Friday, October 27, 2006

Halfway point

Well, I'm halfway through the semester and halfway through my massage school career, so wahoo!

I fear I am also halfway back to gaining back all the weight I've lost since last November, boohoo!

Eating has been for shinola, and exercise....what the hell is that?

I need a bunch more practice hours; thankfully my sometimes-saturdays class is off again (after tomorrow) until December, although I need to write a paper (?!?! I haven't done that since college!)...at least I can schedule some practice in. My business class is done, so that's at least a few hours a week less reading/writing/creating business schtuff.

I wish I were one of those people who lost their appetite when they are stressed.
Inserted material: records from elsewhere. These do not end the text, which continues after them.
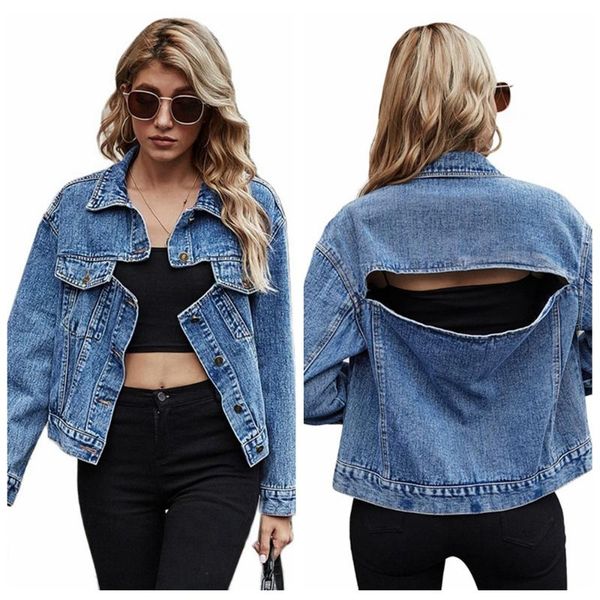 

women's denim jacket 2021 spring autumn fashion chic ins casual streetwear hollow out long sleeve blue loose jeans coat jackets, Black;brown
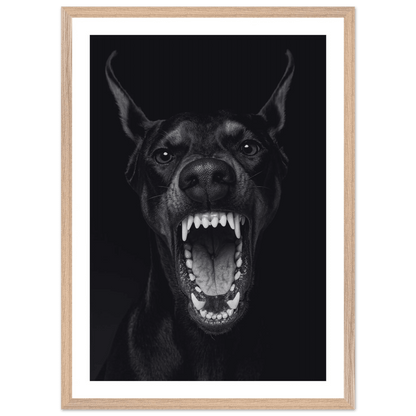 Tableau Noir et Blanc Portrait Doberman - La Maison Du Tableau
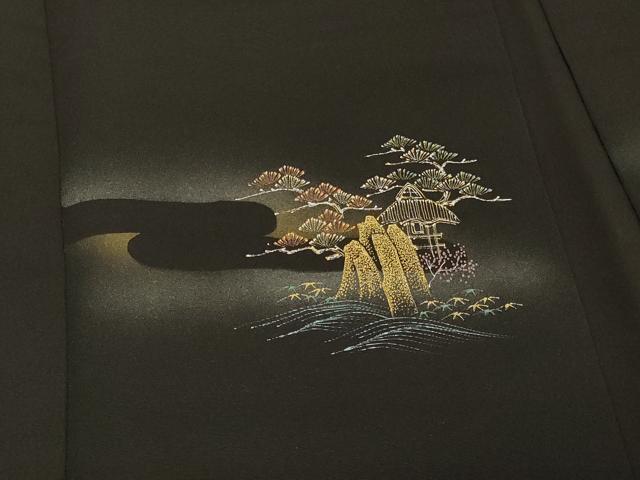 平和屋着物＃羽織　遠山風景文　黒地　金彩　正絹　逸品　CABJ5457in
Even when I've had the option of semi-healthy choices (salad bar at our work cafe), I've been chosing french fries and comfort food. I don't suppose it helps that we're packing up our office to move several hundred feet down the street, and I have to go to a convention so be packed up fully by next Wednesday, UGH!

Oh, and do my normal work.

I can't wait for the holidays.

Wednesday, October 18, 2006

Signs that my life is insane

Packing up my son's snacks/lunch for the day in the parking lot of the school after an early-morning trip to the local health food chain to buy allergy-friendly foods because he had run out. We even remembered to bring baggies from home!

The bf has been amazing in keeping up with the weekly food changes for him, but didn't realize he was out of school snacks. I'm very thankful to have his help right now (always).

Tuesday, October 17, 2006

Please don't go

I am still enjoying this calm feeling, and hope it sticks around, even though I'm not sure where it came from. It doesn't matter, as long as it stays!

No coincidences - my eating was very good yesterday. I hit 5 fruits/veggies, which hasn't been happening much lately. I didn't eat ANY chocolate, and the only processed sugar was in my half-decaf coffee. I was going to have a PB&J when I got home after school late last night, but my sweet bf had made up a cute plate of leftovers (broccoli, orange-ginger beef, and butternut squash soup w/basmati rice). I couldn't finish the soup so brought it for class tonight. I also brought yogurt, baby carrots, some peppers, and hummous for today.

No exercise yesterday or today, but am planning on doing laps during son's soccer practice tomorrow...

Sunday, October 15, 2006

In competition with no one but myself

I need to stop comparing my progress (or lack of it) with others.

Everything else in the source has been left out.